Royal London and Phoenix Group review Russian investments as firms scramble to divest
Royal London and Phoenix are among the latest pensions giants to announce they are reviewing their Russian investments as firms scramble to sever ties with Russia following tightened sanctions this week.
Royal London, which manages around £159bn in assets, told City A.M. it was assessing its exposure to Russia across its investment.
“We are currently looking at the extent of Russian exposure across our portfolios – in terms of direct exposure, but also Russian companies listed in other markets, companies with significant revenues derived from Russia, and companies with Russian cross-holdings,” a spokesperson told City A.M.
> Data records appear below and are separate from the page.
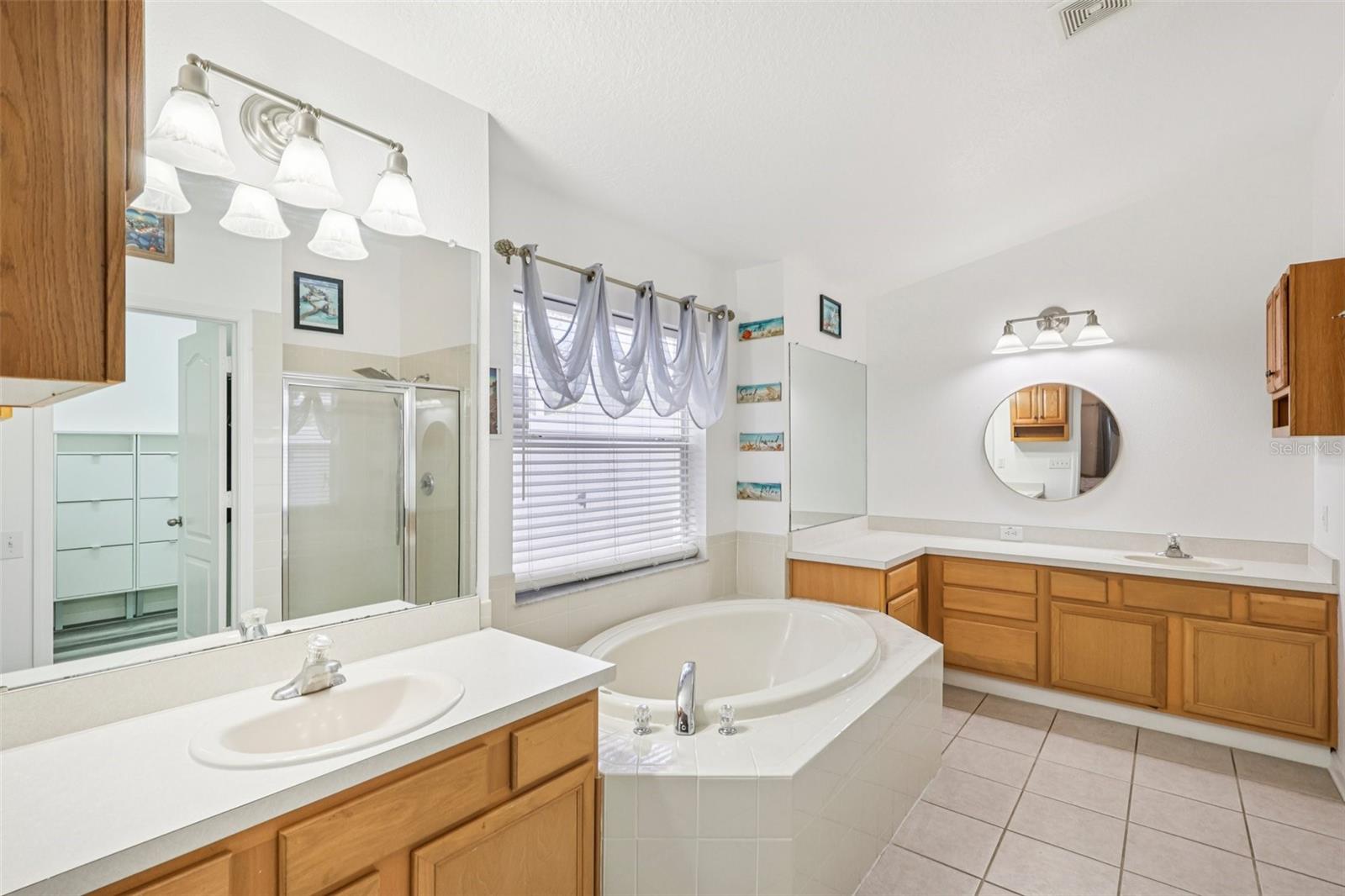 OAKS AT VALRICO PH 2 - Residential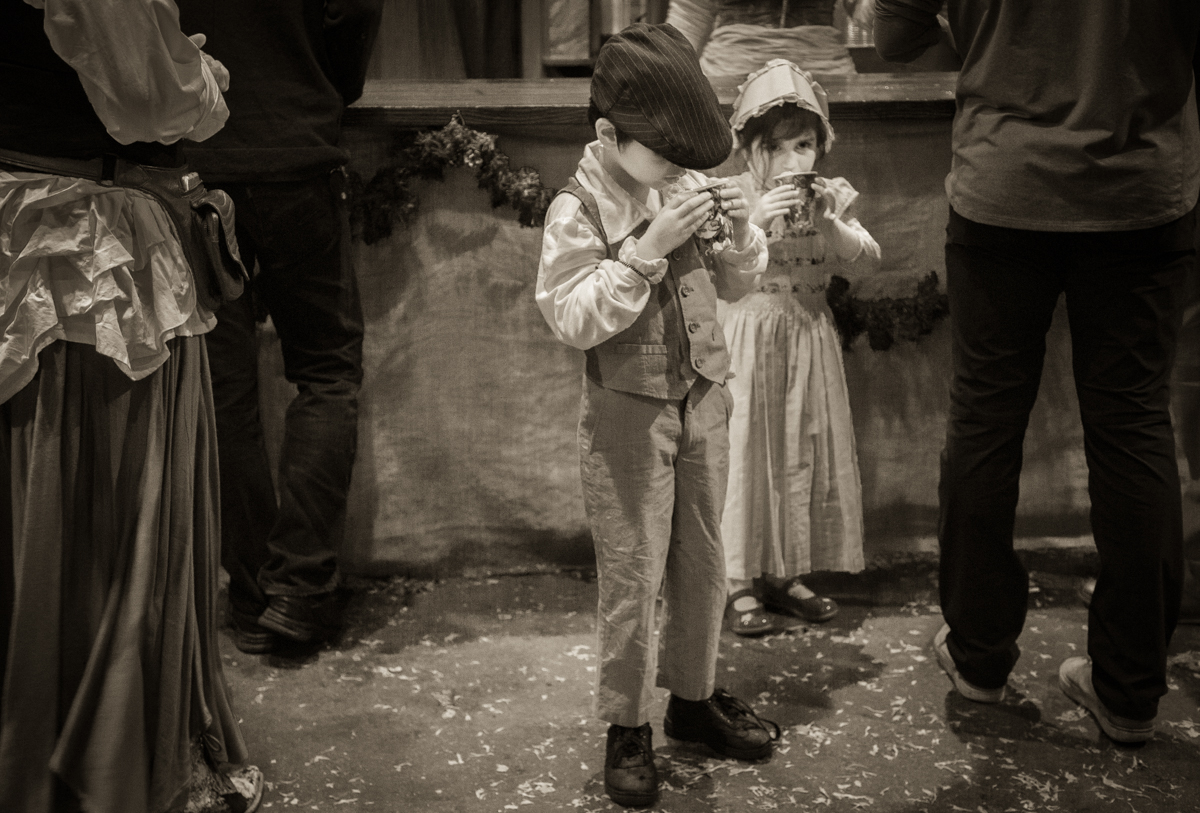 И дети тоже...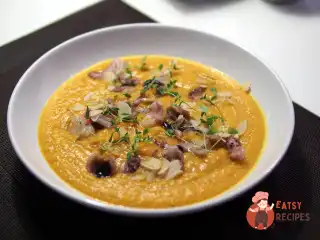 Гарбузовий суп із морепродуктами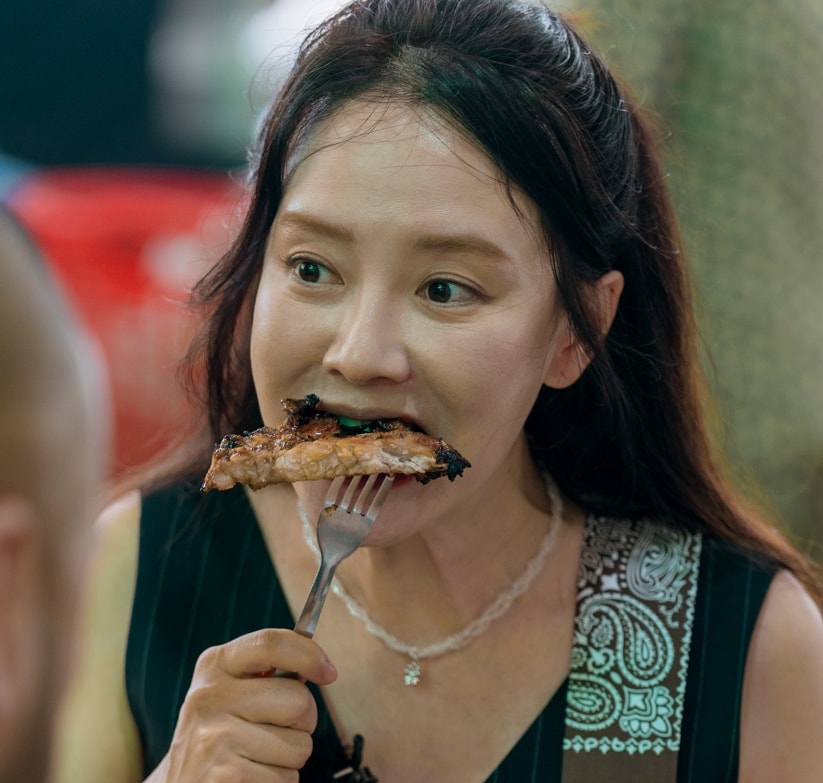 Song Ji Hyo ăn cơm tấm tại TP.HCM Nữ diễn viên thưởng thức cơm tấm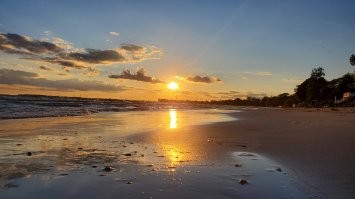 Мне больше всего Куба нравится. Был в нескольких странах Карибского бассейна, но Куба как-то с первого раза запала в душу. Теперь чаще всего туда ездим зимой.

А летом и дома распрекрасно!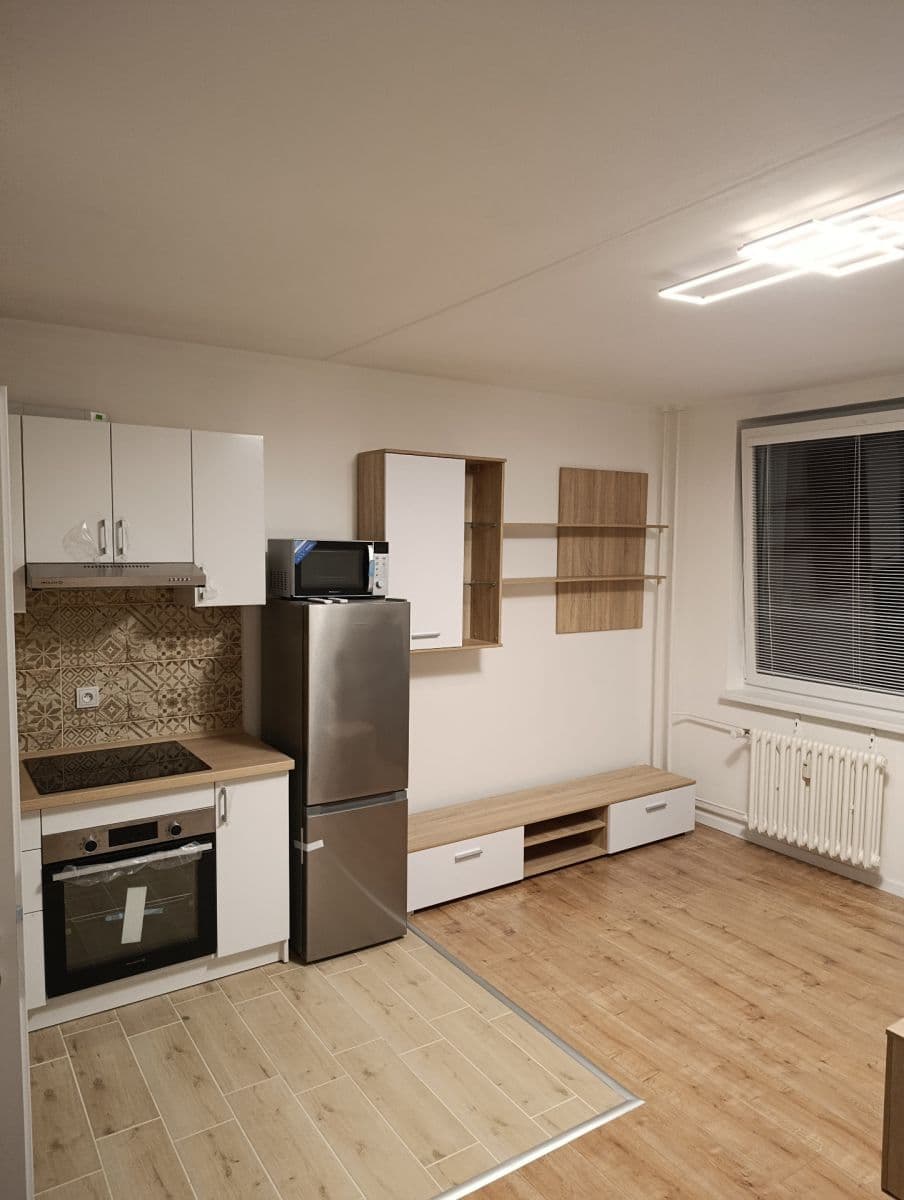 Pronájem bytu 2+kk 44 m², Kpt. Stránského, Praha, Praha Pronájem bytu 2+kk 44 m², Kpt. Stránského, Praha, Praha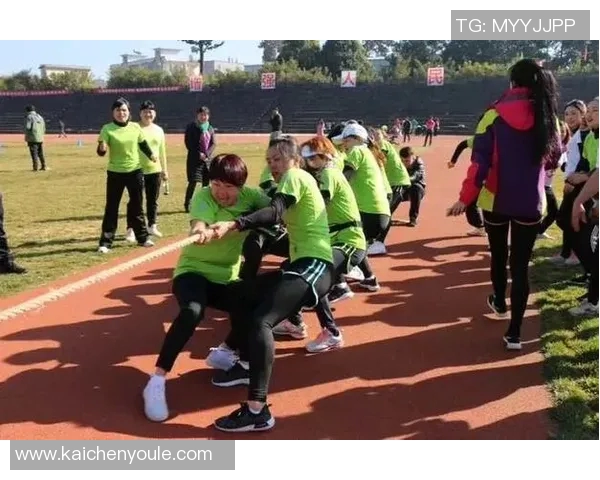 扎辫子的黑人足球明星如何在赛场上展现独特风采与个人魅力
Royal London has no direct Russian-listed exposure in its active funds and a small amount of direct exposure in its Emerging Markets ESG Equity tracker, the spokeperson said, but its equity ‘tilted’ funds have minimal exposure to some Russian firms listed in London.
The plunge in value of Russian stocks has seen the value of these investments wiped to a fraction of what they were, however.
“After falls seen in late February, we estimate these holdings total around £80m which is less than 0.1% of our total assets under management,” the spokesperson added.
Meanwhile Phoenix Group, which has around 13 million customers and has around £300bn assets under administration, said it was working with partners to review the extent of its Russian exposure.
“The investment exposure to Russia for Phoenix customers across asset classes is very limited,” a Phoenix spokesperson said. “We are in active dialogue with our asset manager partners to manage this responsibly for our customers and clients.”
The commitments came as campaigners ramped up pressure on pension providers to scrap their Russian holdings.
Pensions campaign Make My Money Matter, chaired by Love Actually director Richard Curtis, called on firms to accelerate their efforts yesterday.
“We believe this is morally and financially unsustainable in the current climate, and goes against the prevailing mood of the UK public,” Tony Burdon, Make My Money Matter chief executive said.
Firms across the UK have scrambled to exit Russian investments, with BP cutting its 19.75 stake in oil giant Rosneft on Sunday which is expected to deliver a £25bn hit.
Shell has also cut ties with gas giant Gazprom and pulled out of the NordStream 2 pipeline.